特別じゃなくても大切な毎日、”always”なデニムスタイル。【─Shining Moments:24 ─】

春服が欲しいなと思い、デニムスカートを買った。ミナペルホネン定番の「always」。コットンリネン生地のものだ。春服需要にかこつけて購入したけれど 通年使えるので、早速気に入って履いている。モードに着られる大人なデニムで重宝しそうな予感。

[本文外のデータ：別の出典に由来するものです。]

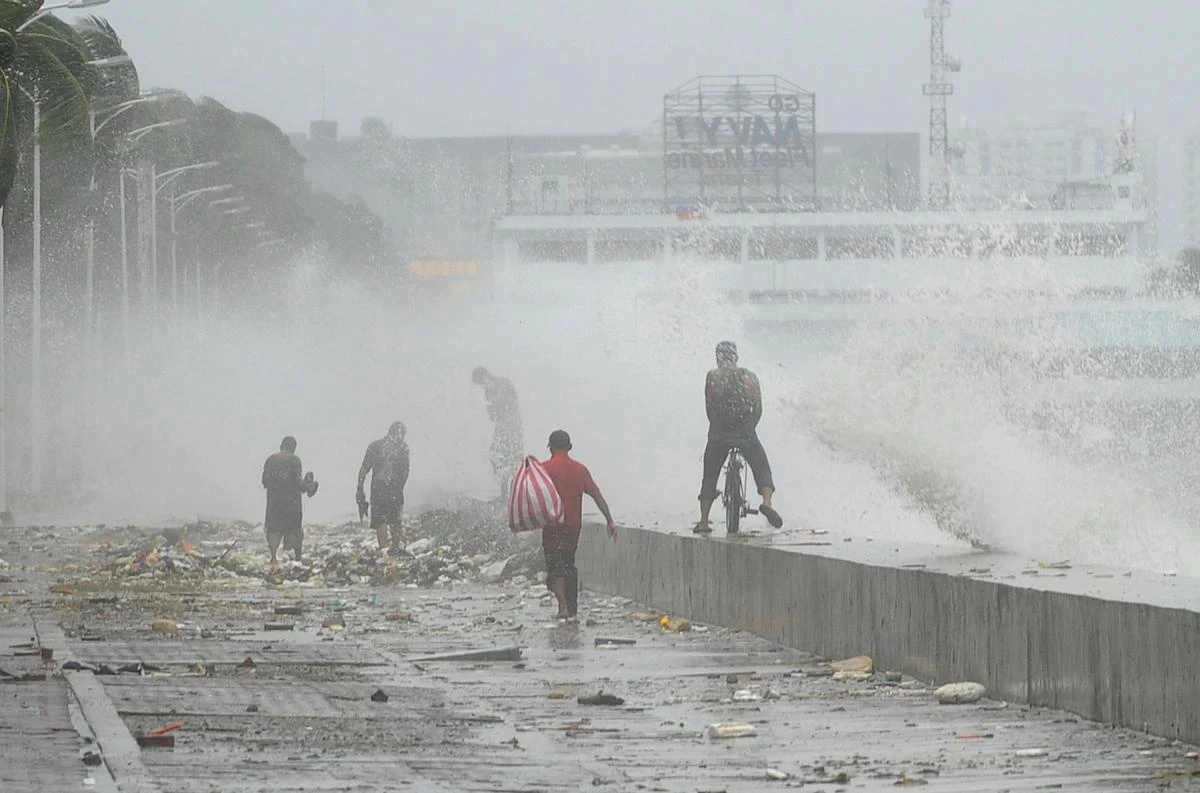 Typhoon leaves at least 7 dead in Philippines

……そしてまた、私にとってこのデニムは ただのデニムスカートではない。ちょっと大げさかもしれないけれど、小さな夢を叶えてくれるデニムでもあるのだ。今日はそんな「always」について、思い出話と共に綴ってみたい。

ジュエリー エッセイ 山田ルーナ

あの頃、いつも履いていたもの

私の夫はデニムが好きだ。デニムの何が好きかというとエイジングが好きだそうで、その育っていく過程を楽しむのが堪らないのだという。ヒゲと呼ばれるアタリ…皺に沿った色落ちは持ち主の体型やデニムによって異なり、そのそれぞれに唯一の立体的な表情を与える。だから育て始めは とことん履いて、グッと身体に馴染ませるのが夫のスタイルだ。

ジュエリー エッセイ 山田ルーナ

私と夫が出会ったのは およそ10年前だが、出会った頃の夫の「とことん履く期」にあったのが、このミナペルホネン「always」だった。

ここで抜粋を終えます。